There are no funds allocated for the natural environment in the disaster recovery process.
Despite the cyclone damage and further impact from the 'clean-up' activities, legal clearing of remnant rainforest at Mission Beach continues.
Both residential developments are in important remnant vegetation corridors. The development off Explorer Drive at South Mission has severed the lowland corridor north of the ridge completely. A lot of high value vegetation that survived Cyclone Yasi has been cleared on the site which includes a large area of road verge either side of the approach to the access road. On the surveyed map in the approval, this area is marked as revegetation/landscaping.
"The person taking the action must rehabilitate the area marked revegetation and landscaping on Survey 2 in order to protect and enhance habitat for the Southern Cassowary" (Click on image to enlarge)
"Rehabilitate - the process of re-vegetating and maintining an area of vegetation until monitoring confirms it meets the status of remnant vegetation".
Natural vegetation that has survived a cyclone has now been removed to revegetate and landscape. Noticing the few species still standing are predominantly palms one can only assume it is 'landscaping' that is happening, not 'revegetation'. There doesn't seem to be any reason for the destruction of the vegetation to achieve the residential development.
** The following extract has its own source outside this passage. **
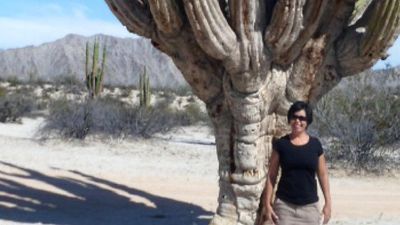 At the Valley of the Giants, visitors can see how the saguaro cactus measures up. // © 2013 Mark Rogers 3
"Medium to high utilisation in patch
It is the opinion of C&R Consulting that within the context of this site, the isolated patches of remnant vegetation within the cleared footprint are of medium to high significance for foraging purposes and therefore should be maintained.
However, it is recognised that within the context of a developed landscape, it is not desirable to encourage cassowaries into isolated patches surrounded by infrastructure, including roads, houses and the general built environment, for the following reasons:
-Increased risk of road incident or vehicle strike, causing injury or harm to cassowaries, people and / or property
- Increased risk of wildlife-human interactions, potentially resulting in injury or harm to cassowaries, people and/or property
Therefore, it could be argued that the maintenance of these remnant patches within the developed landscape could be detrimental to the southern Cassowary".
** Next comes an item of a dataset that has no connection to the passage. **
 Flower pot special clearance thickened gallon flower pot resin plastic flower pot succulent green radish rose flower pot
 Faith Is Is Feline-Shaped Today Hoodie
Surely there can’t be a more detrimental impact on any species than taking away their food source.
Given this decision, more rainforest clearing will probably be approved in other developments at Mission Beach that are currently being considered under the EPBC Act. It would be safe to say that all of them will increase Cassowary/human interaction and traffic, fragment the landscape and, regardless of conditions, increase the risk of introduction of exotics including dogs in the long term. that would mean a significant impact.
Most of the impacts, if enough resources were made available could perhaps be managed but the vegetation is irreplaceable. Nothing will get back the biodiversity that has taken millions of years to develop with the cassowary being the keystone species and most efficient seed disperser within it.
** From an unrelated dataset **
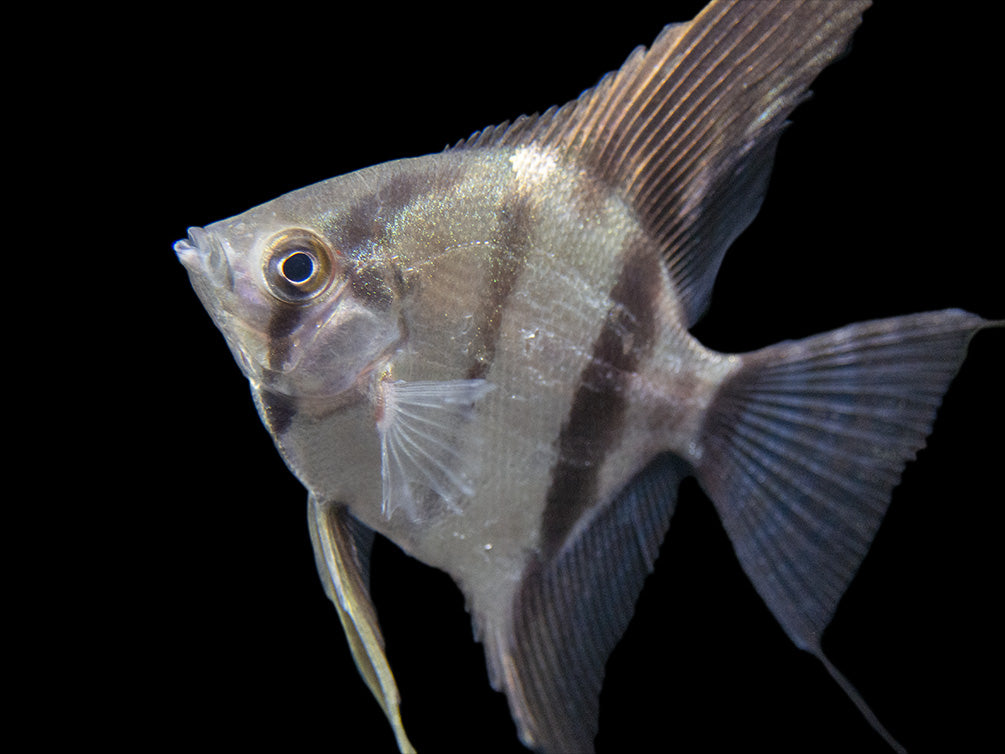 Rio Xingu Angelfish (Pterophyllum scalare), Tank-Bred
Two configuration plans were drawn. In neither of them do the lots correspond with the orginal clearings which on approval allowed for the destruction of the valuable patches of cassowary habitat referred to in the environment report. At the very least, why wasn't the development confined to the cleared areas? Perhaps it was easier to deal with if it wasn't there, who knows!! It certainly isn't there now and there will be no regeneration of this rainforest, nor free wildlife movement through the last northern lowland rainforest corridor off Explorer Drive.
It is heartbreaking to watch it happening.